71 of 74 people found the following review helpful
3.0 out of 5 stars Not the best, but not the worst either, March 15, 2003
This is not the best book on land lording, and not even the second best, but none the less this is a book worth reading. However, if you are a serious landlord and are only going to read one book, this is not the one to read. The #1 book to read is "Landlording" by Leigh Robinson, which I rated as 5 stars. "The Landlording Kit" by Jeffrey Taylor is rated 4 stars by me. And Greg Perry's book and Richard Jorgensen's book "The New No-Nonsense Landlord" is 3 stars. The Milan book is a solid one star.
I still recommend that you read this book, just not ONLY this book. The author claims that he "owns and manages or co-manages nearly 50 rental properties." That's a pretty vague statement. He could own and manage 1 property and co-manage 45 properties and that would be "nearly 50 rental properties." One of his early points is that your name and phone number should not be advertised in the rental ad. He says that you should establish an open house Friday afternoon and Saturday morning and have all the prospective tenants come around at one time. This would save you phone time with prospective renters, but I'm not sure that this would always be effective. When renting averaged priced rentals in the season, this might work; but I can see times when renting a high priced property or renting out of season that there would be few maybe no prospects at your open house. In another chapter the author suggests filing your deed at the courthouse with the clerk of courts as routine with every lease signing.
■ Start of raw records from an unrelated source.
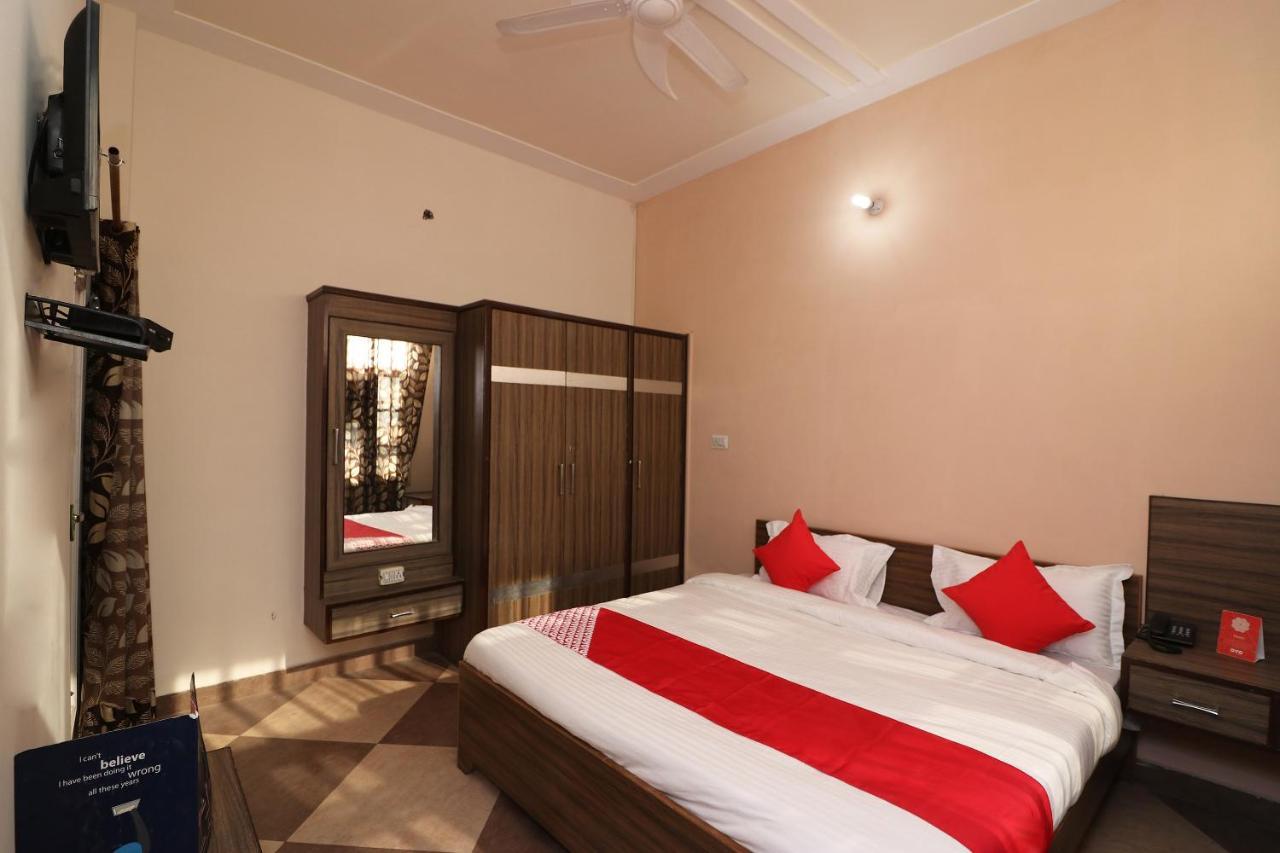 Oyo Flagship Mann Bed And Breakfast Rājpura Esterno foto
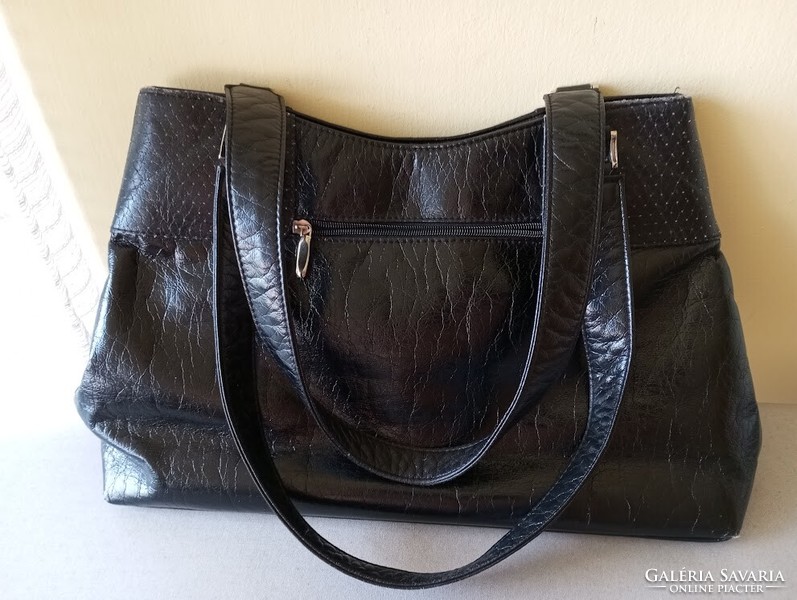 Women's black reticle/bag for sale!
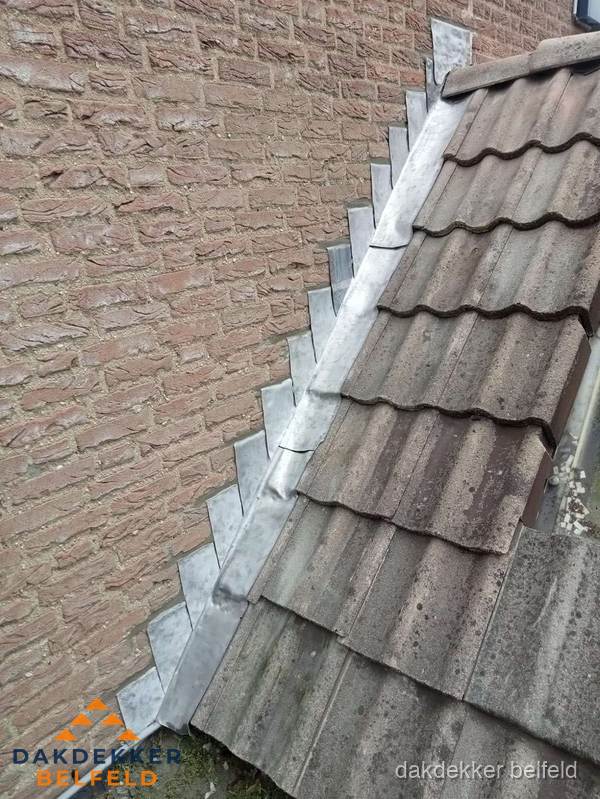 Loodslabben langs dakaansluiting bij bakstenen muur in Belfeld Loodslabben langs dakaansluiting bij bakstenen muur in Belfeld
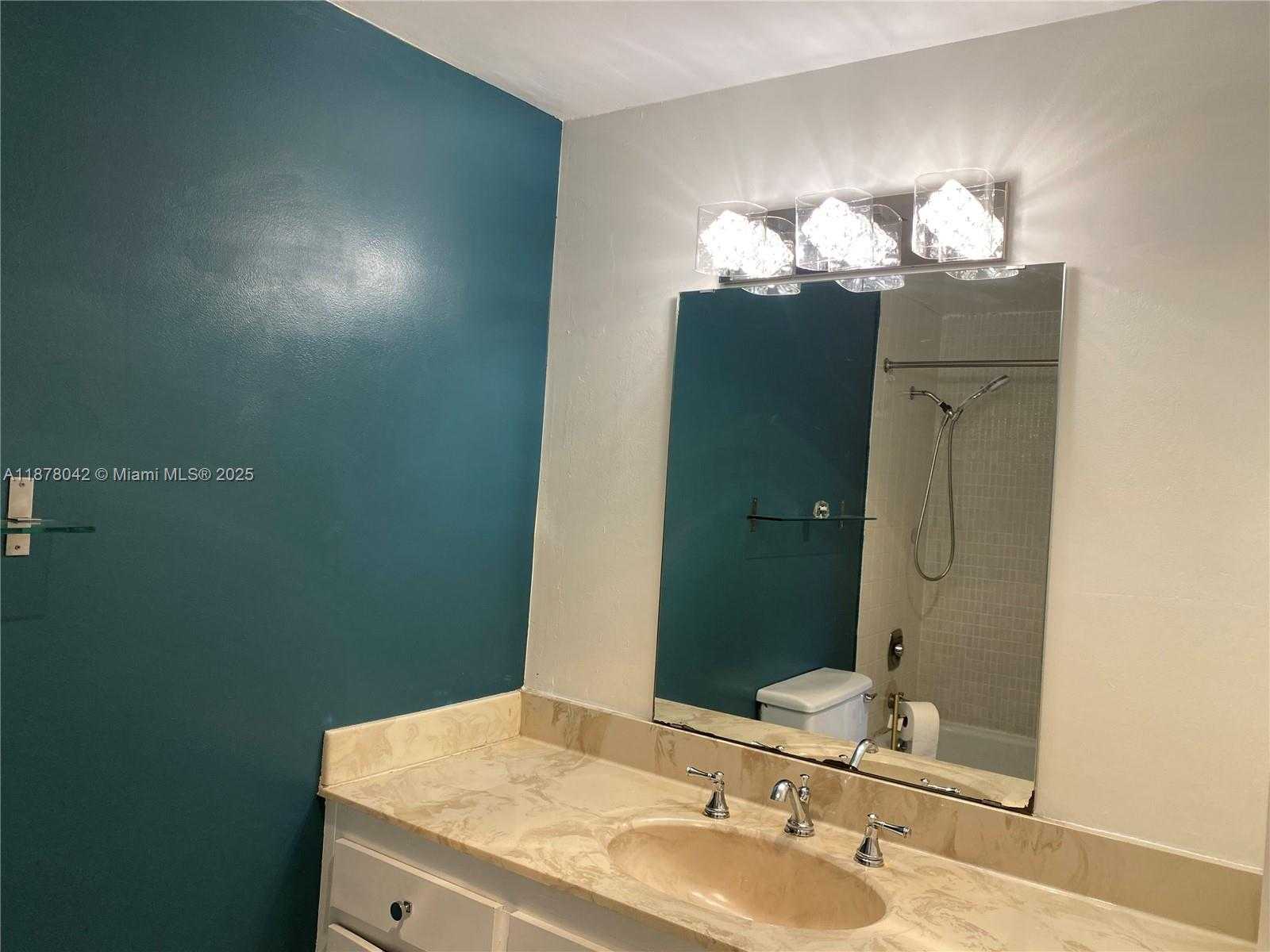 Small Image of 4200 HILLCREST DR #303, Hollywood Number 22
First of all in Pennsylvania the Clerk of Courts only handles criminal proceedings, so that wouldn't be the right place to file anyway. But more importantly filing the lease is an unnecessary cost as well as a very public window into your private affairs.
On the other hand another tip of driving by your rental properties when in the vicinity makes a lot of sense to me. Checking up on your rentals routinely can be a good dose of preventive medicine. Another excellent tip is to lower your tenant's utility bills. Even if the tenants pay the entire heat bill, insulation, storm windows, etc. will be appreciated by the tenants and lower heat bills will cause a renter to stay longer. Providing appliances is a great landlord debate. Personally we provide apartments with refrigerators and stoves, but many houses are rented without refrigerators. Some higher end properties are rented with dishwashers, and washer and dryers. If I house has a garbage disposal, we'll keep it. But if it breaks it will not be replaced. Recently one disposal had a tendency to attract beer bottle caps. First and second repair bills were at tenant expense. My philosophy is that the more and heavier things that the tenant owns, like refrigerators, washers, and dryers, the less likely they will move. But I can't give you proof for that.
Mr. Perry does recommend that you buy houses where the rent is 1-2% of the purchase price per month. In other words a $100,000 house would rent for $1,000 to $2,000 per month. That's a great idea but hard to execute in reality. Two percent is very hard but not impossible to get. You'll have to look hard and NOT be in a high priced area.
This is not a bad book, but it's not the best either. There are many tips in the book. The author has some good ideas, but other authors have more.